US 11,657,797 B2
Routing for chatbots
Vishal Vishnoi, Redwood City, CA (US); Xin Xu, San Jose, CA (US); Srinivasa Phani Kumar Gadde, Belmont, CA (US); Fen Wang, Redwood City, CA (US); Muruganantham Chinnananchi, Cupertino, CA (US); Manish Parekh, San Jose, CA (US); Stephen Andrew McRitchie, Palo Alto, CA (US); Jae Min John, Redwood City, CA (US); Crystal C. Pan, Palo Alto, CA (US); Gautam Singaraju, Dublin, CA (US); and Saba Amsalu Teserra, Redwood Shores, CA (US)
Assigned to ORACLE INTERNATIONAL CORPORATION, Redwood Shores, CA (US)
Filed by Oracle International Corporation, Redwood Shores, CA (US)
Filed on Apr. 23, 2020, as Appl.
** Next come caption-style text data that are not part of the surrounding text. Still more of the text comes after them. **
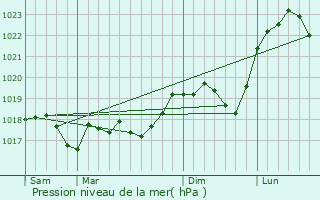 Graphe de la pression atmosphrique prvue pour Tragny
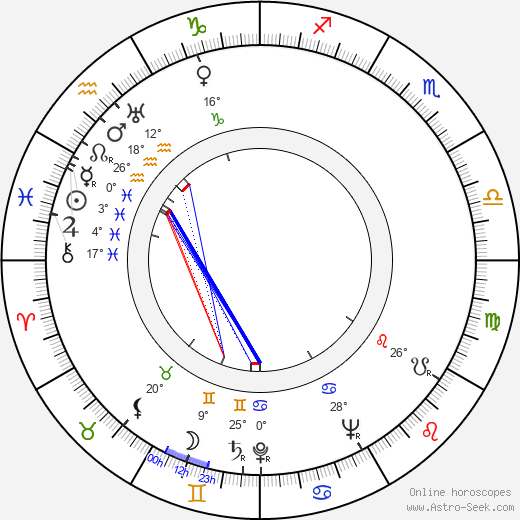 Dan Seymour birth chart, biography, wikipedia 2023, 2024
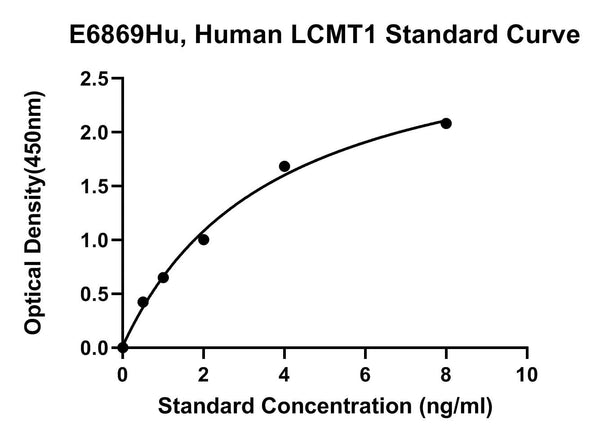 Human Leucine Carboxyl Methyltransferase 1, LCMT1 ELISA Kit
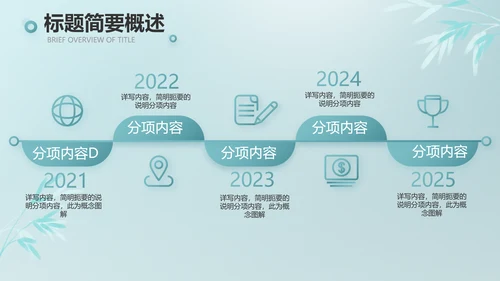 公司茶话会工作总结汇报介绍简介PPT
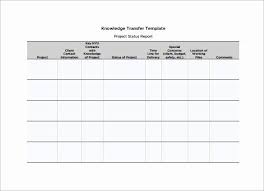 Project Management Transition Plan Template Beautiful 11 Transition Plan Templates Business Letter Template Business Plan Template Free Business Plan Template
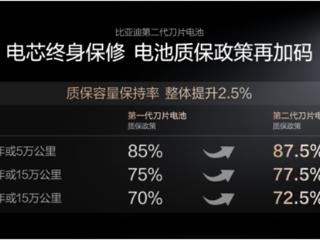 比亚迪引领电动车进入闪充时代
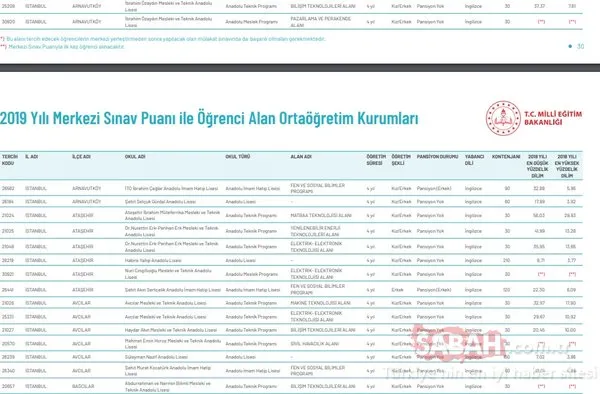 İstanbul, Ankara ve İzmir nitelikli liseler 2019! Sınavla öğrenci alan liseler hangileri?
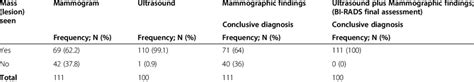 Diagnostic Performance Of Mammography Versus Ultrasound In Visualizing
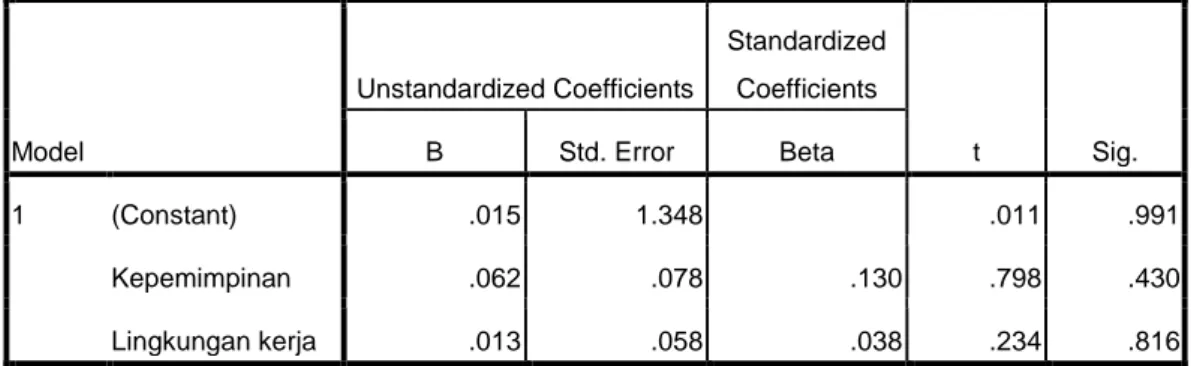 Tabel 4.10  Hasil Uji Normalitas 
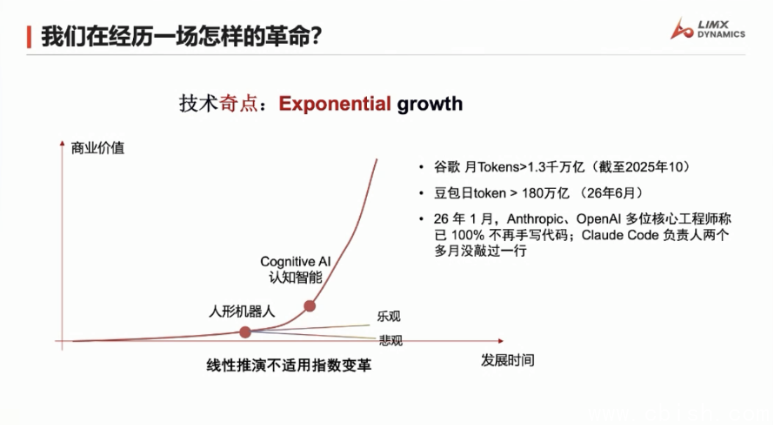 逐际动力展示通用本体与技能叠加商业模式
No. 16/857,047.
Claims priority of provisional application 62/839,580, filed on Apr. 26, 2019.
Prior Publication US 2020/0342850 A1, Oct. 29, 2020
Int. Cl. G06F 17/00 (2019.01); G10L 13/08 (2013.01); G06N 5/04 (2023.01); G06N 20/00 (2019.01)
CPC G10L 13/08 (2013.01) [G06N 5/04 (2013.01); G06N 20/00 (2019.01)] 16 Claims
OG exemplary drawing
 
9. A computer system comprising:
one or more processors; and
a memory coupled to the one or more processors, the memory storing a plurality of instructions that, when executed by the one or more processors, cause the one or more processors to perform processing comprising:
determining that an utterance received from a user while the user is interacting with a first chatbot is an invalid input to the first chatbot or that the first chatbot is attempting to route the utterance to a destination associated with the first chatbot;
responsive to the determining that the utterance is an invalid input to the first chatbot or that the first chatbot is attempting to route the utterance to a destination associated with the first chatbot, identifying a second chatbot for generating a response to the utterance, wherein identifying the second chatbot comprises:
computing, using a first predictive model, a skill confidence score for the first chatbot and a skill confidence score for the second chatbot, the skill confidence score for the first chatbot indicating a likelihood of the utterance being representative of a task that the first chatbot is configured to perform, and the skill confidence score for the second chatbot indicating a likelihood of the utterance being representative of a task that the second chatbot is configured to perform;
determining the skill confidence score for the first chatbot and the second chatbot satisfies one or more skill confidence score thresholds;
in response to determining the skill confidence score for the first chatbot satisfies the one or more skill confidence score thresholds, computing, using a second predictive model that is specific to the first chatbot, an intent confidence score for each intent configured for the first chatbot, the intent confidence score for each intent indicating a likelihood of the intent being relevant to the utterance;
in response to determining the skill confidence score for the second chatbot satisfies the one or more skill confidence score thresholds, computing, using a third predictive model that is specific to the second chatbot, an intent confidence score for each intent configured for the second chatbot, the intent confidence score for each intent indicating a likelihood of the intent being relevant to the utterance;
determining that the intent confidence score for an intent configured for the second chatbot satisfies one or more intent confidence score thresholds; and
determining a match between the utterance and the second chatbot based on a combination of the skill confidence score for the second chatbot satisfying the one or more skill confidence score thresholds and the intent confidence score for the intent configured for the second chatbot satisfying the one or more intent confidence score thresholds; and
routing the utterance to the second chatbot based on the match between the utterance and the second chatbot.